My aunt Frieda was in her last days if not hours now, kept alive by artificial means. I was the closest family member available and so was charged with making the fateful decision of whether or not to pull the plug whenever that time came.
"As Arthur Clarke shares in his book Tales of Ten World's: ''The person one loves never really exists, but is a projection focused through the lens of the mind onto whatever screen it fits with the least distortion.'"
It was clear that when the attending physician came on his rounds that today was that time.

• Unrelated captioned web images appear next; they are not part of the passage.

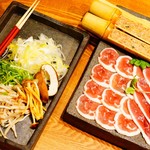 鴨鍋用のお肉と野菜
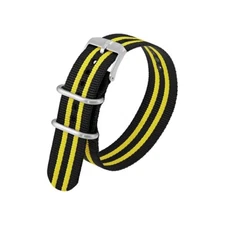 Luminox Black & Yellow Stainless Steel 2 loops Watch Band Strap - FNX.3950.50Q.K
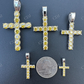 Yellow Canary Moissanite Cross Iced Hip Hop Pendant  customdiamjewel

Frieda's frail health was stronger than any of her siblings but was now at the end of its run. The physician went through the end of life support protocol and retreated to leave me alone with my beloved aunt as her life drained away.
There is an eerie fullness to the emptiness of the dying moment. What is most striking is that the head, the animated capital of our life’s choices, quickly and quietly becomes a vacant skull.
The absence of life is peaceful like a barren landscape is. Death is the ultimate closing act where the life of the person in question can no longer hold the projections of love or hate or need or judgment that it has screened for the others. The withdrawal of this intimate other who has carried our projections is experienced as our loss, our grief. There is no other conclusion to life than death, the end of the show, the cold snow that follows the rain and eventually melts away.
As Arthur Clarke shares in his book Tales of Ten World's: “The person one loves never really exists, but is a projection focused through the lens of the mind onto whatever screen it fits with the least distortion.”
The Tibetan Book of the Dead tells us about the Bardo state, or passageway between worlds and instructs those mourning the beloved’s loss to sit by her and whisper into her ear to not be distracted by the demons of our collective unconscious but continue steadfastly toward the light. I find this protocol helpful advice for the living since our fear of death is exactly that, being captured by the demons of our ego’s fear. In other words, the task of the living is to recall their projections while alive rather than save them all up for the final crossing.